Monday, 14 December 2015: 08:00
310 (Moscone South)
Sebastien Pilet1, Natsue Abe2, Laetitia Rochat1, Naoto Hirano3, Shiki Machida2, Mary-Alix Kaczmarek1 and Othmar Muntener1, (1)University of Lausanne, Lausanne, Switzerland, (2)JAMSTEC Japan Agency for Marine-Earth Science and Technology, Kanagawa, Japan, (3)Tohoku University, Sendai, Japan
Oceanic lithosphere is generally interpreted as mantle residue after MORB extraction. It has been proposed, however, that metasomatism could take place at the interface between the low-velocity zone and the cooling and thickening oceanic lithosphere or by the percolation of low-degree melts produced in periphery of Mid Ocean Ridges. This later process is observed in slow spreading ridges and ophiolites where shallow oceanic lithospheric mantle could be metasomatized/refertilized during incomplete MORB melt extraction. Nevertheless, direct evidence for metasomatic refertilization of the deep part of the oceanic lithospheric mantle is still missing. Xenoliths and xenocrysts sampled by petit-spot volcanoes interpreted as low-degree melts extracted from the base of the lithosphere in response to plate flexure, provide important new information about the nature and the processes associated with the evolution of oceanic lithospheric mantle.
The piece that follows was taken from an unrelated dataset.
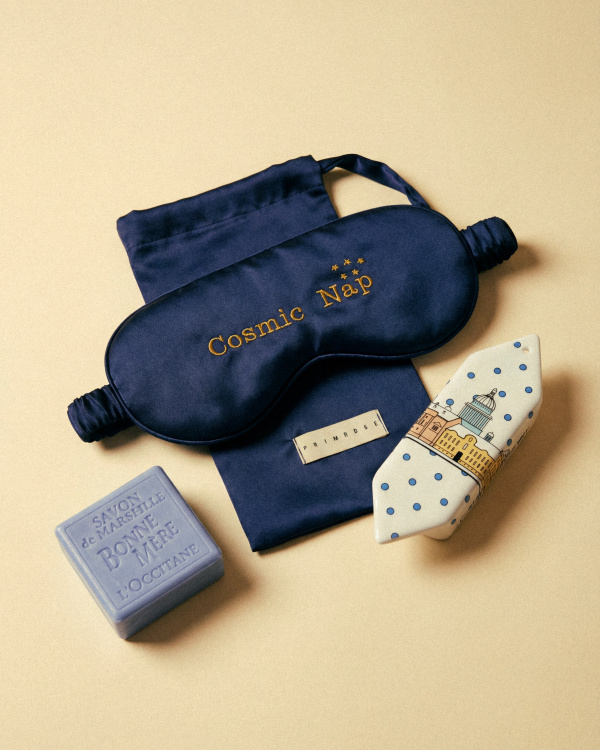 Маска для сна, цвет синий вышивка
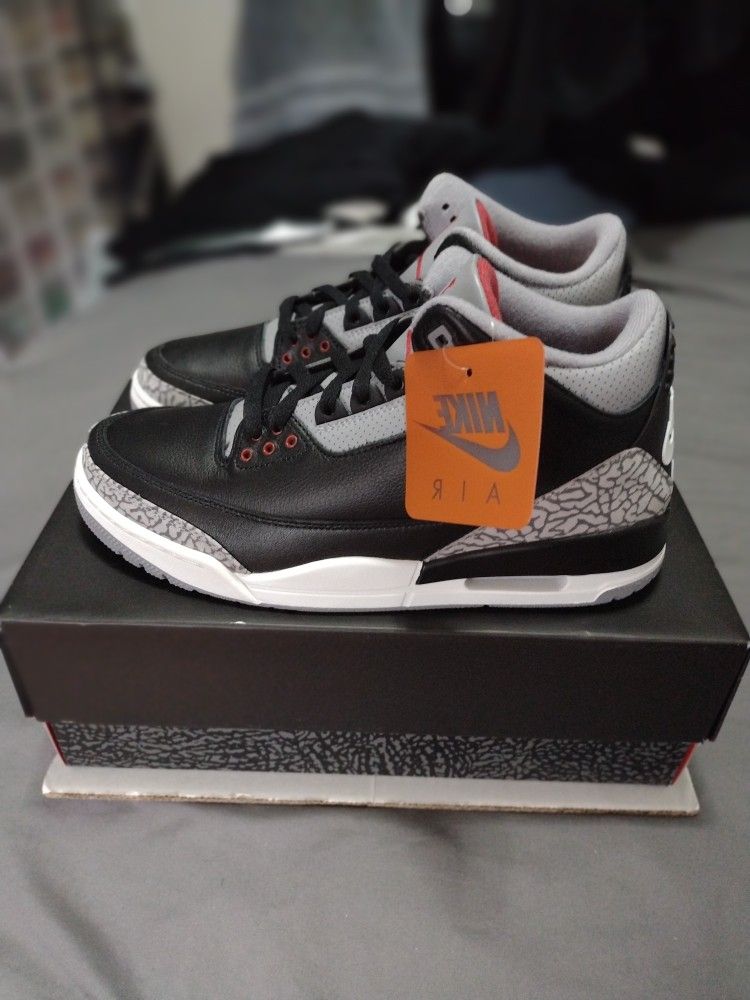 Jordan 3's Black Cement, For Men Size 10,Brand New With Box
Here, we report, first, the presence of a garnet xenocryst in petit-spot lavas from Japan characterized by low-Cr, low-Ti content and mostly flat MREE-HREE pattern. This garnet is interpreted as formed during subsolidus cooling of pyroxenitic or gabbroic cumulates formed at ~1 GPa during the incomplete melt extraction at the periphery of the Pacific mid-ocean ridge. It is the first time that such processes are documented in fast spreading context. Second, we report petit-spot mantle xenoliths with cpx trace element “signatures” characterized by high U, Th, relative depletion in Nb, Pb, Ti and high but variable LREE/HREE ratio suggesting equilibration depth closed to the Gt/Sp transition zone. Such “signatures” are unknown from oceanic settings and show unexpected similarity to melt-metasomatized gt-peridotites sampled by kimberlites. This similarity suggests that metasomatic processes are not restricted to continental setting, but could correspond to a global mechanism at the lithosphere–asthenosphere boundary. As plate flexure represents a global mechanism in subduction zone, a portion of oceanic lithospheric mantle is likely to be metasomatized; recycling of these enriched domains into the convecting mantle is fundamental to understand the generation of small scale mantle isotopic and volatile heterogeneities sampled by OIBs and MORBs.